A collection of scriptural meditations from Saints and Fathers of the Church.

I shall indicate to you the most direct and simple method to acquire the habit of silence: ...reflect as often as you can on the pernicious results of indiscriminate babbling and on the salutary results of wise silence. When you come to taste the good fruit of silence, you will no longer need lessons about it.

Labor to acquire meekness. Concerning the heavenly virtues, meekness and humility, the Lord Himself teaches us, saying: Learn of Me, for I am meek and humble in heart; and ye shall find rest unto your souls (Matt. 11:29). Learn not from angels, nor from men, but from Me, He says; that is, from the higher wisdom.
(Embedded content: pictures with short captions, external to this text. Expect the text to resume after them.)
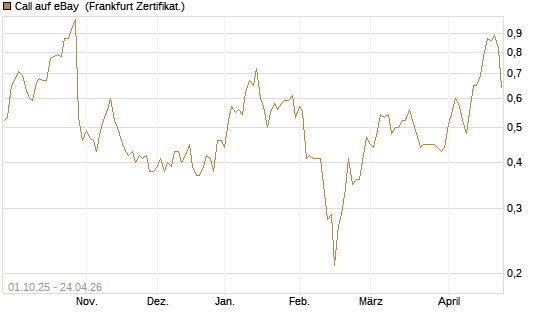 Call auf eBay [BNP Paribas Emissions- und Handelsges.] Chart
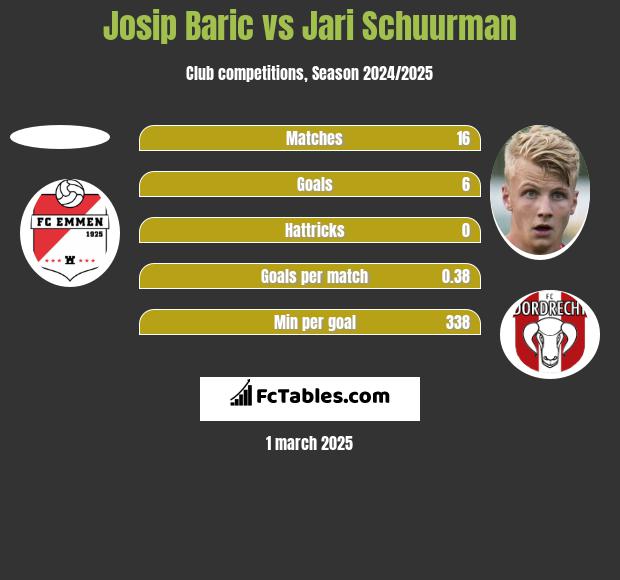 Josip Baric vs Jari Schuurman h2h player stats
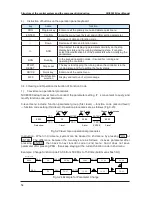 Предварительный просмотр 54 страницы Suzhou Monarch Control Technology MCTC-CTB-A User Manual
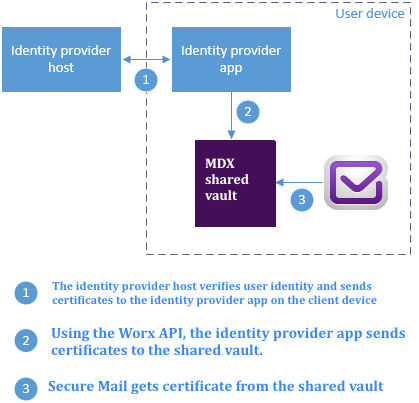 Imagem . caminho . certificado . provider . de标识数字段的安全邮件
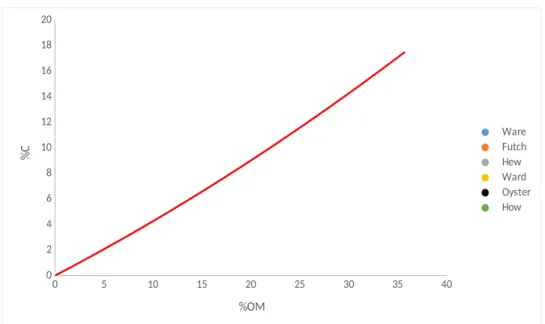 Figure 8 – The observed relationship between percent organic material and percent carbon in  comparison to the predicted relationship (dark red) described by Craft et al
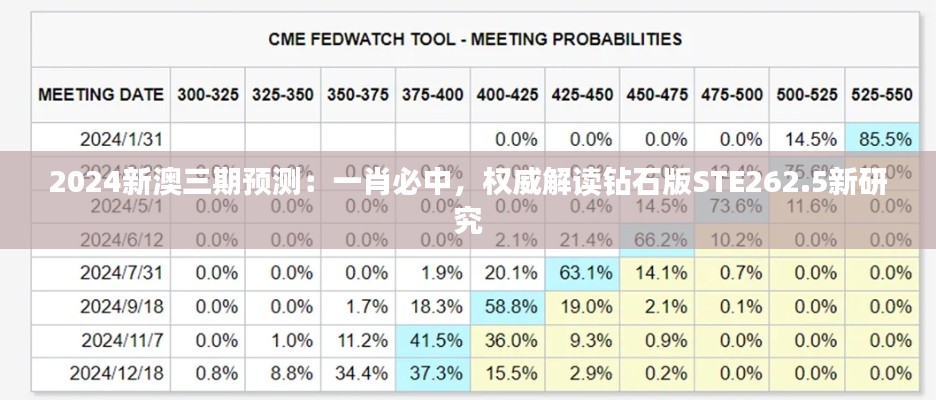 2024新澳三期預測：一肖必中，權(quán)威解讀鉆石版STE262.5新研究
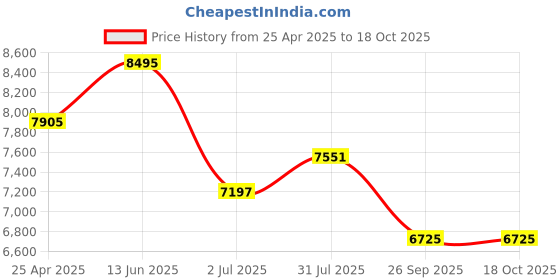 industrybuying.com RS PRO O-Ring Cord, Diameter 15 mm, Length 5 m, 2342917 rs pro Price History Graph from 25 Apr 2025 to 18 Oct 2025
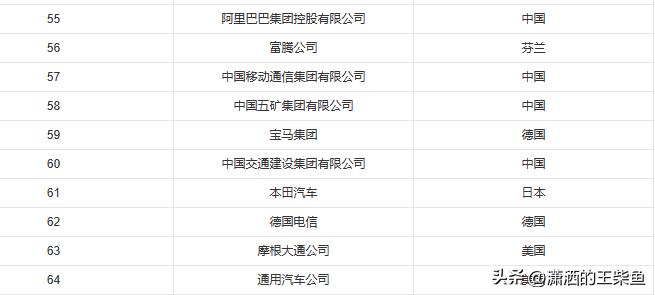 中交物资采购管理系统,中交哪个公司比较好一点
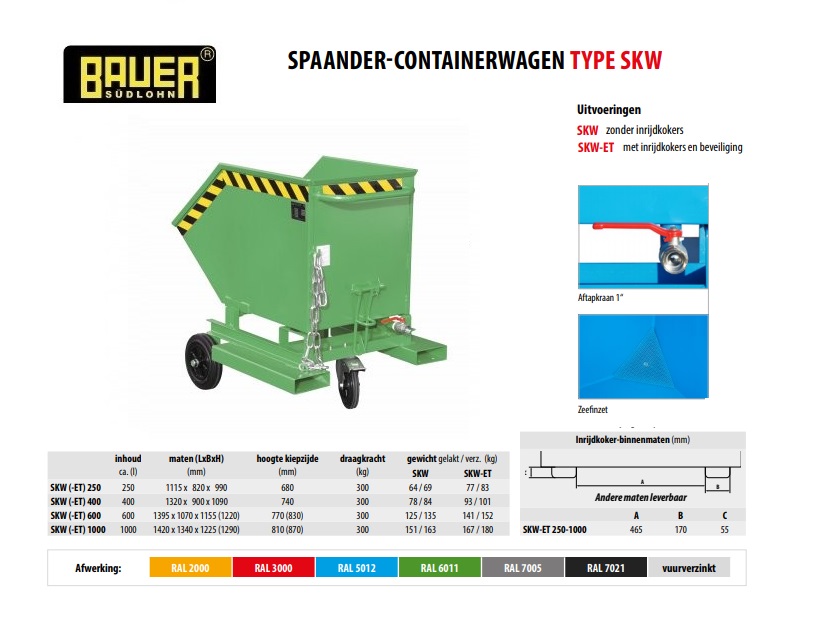 Spaander-Containerwagen SKW-ET 250 RAL 6011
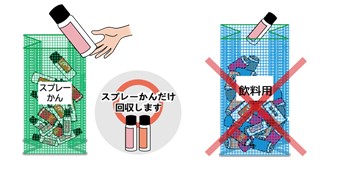 緑色のネット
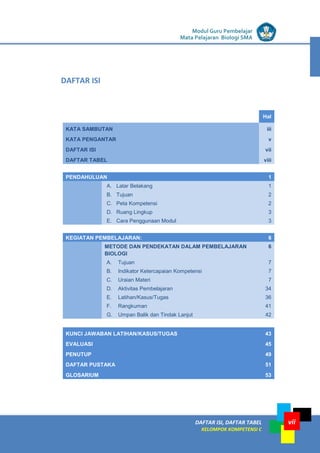 LISTRIK untuk SMP
DAFTAR ISI, DAFTAR TABEL
KELOMPOK KOMPETENSI C
Modul Guru Pembelajar
Mata Pelajaran Biologi SMA
vii
Hal
KATA SAMBUTAN iii
KATA PENGANTAR v
DAFTAR ISI vii
DAFTAR TABEL viii
PENDAHULUAN 1
A. Latar Belakang 1
B. Tujuan 2
C. Peta Kompetensi 2
D. Ruang Lingkup 3
E. Cara Penggunaan Modul 3
KEGIATAN PEMBELAJARAN: 6
METODE DAN PENDEKATAN DALAM PEMBELAJARAN
BIOLOGI
6
A. Tujuan 7
B. Indikator Ketercapaian Kompetensi 7
C. Uraian Materi 7
D. Aktivitas Pembelajaran 34
E. Latihan/Kasus/Tugas 36
F. Rangkuman 41
G. Umpan Balik dan Tindak Lanjut 42
KUNCI JAWABAN LATIHAN/KASUS/TUGAS 43
EVALUASI 45
PENUTUP 49
DAFTAR PUSTAKA 51
GLOSARIUM 53
DAFTAR ISI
Meekness is an unchangeable state of mind, which remains the same in honor and dishonor.

It seems to me that, in all cases when indignity is offered to us, we should be silent; for it is our moment of profit.

Imitate the Publican and you will not be condemned with the Pharisee. Choose the meekness of Moses and you will find your heart which is a rock changed into a spring of water.

Apt silence bridles anger.

The way to attain compunction is an attentive life. ‘The beginning of repentance comes from the fear of God and attention,’ as the holy martyr Boniface says.

Meekness and humility of heart are virtues without which it is impossible to inherit the Heavenly Kingdom, to be happy on earth, or to experience inner calm.

When the door of steam baths is continually left open, the heat inside rapidly escapes through it; likewise the soul in its desire to say many things, dissipates the remembrance of God through the door of speech, even though everything it says may be good... Ideas of value always shun verbosity, being foreign to confusion and fantasy. Timely silence, then, is precious, for it is nothing less than the mother of the wisest thoughts.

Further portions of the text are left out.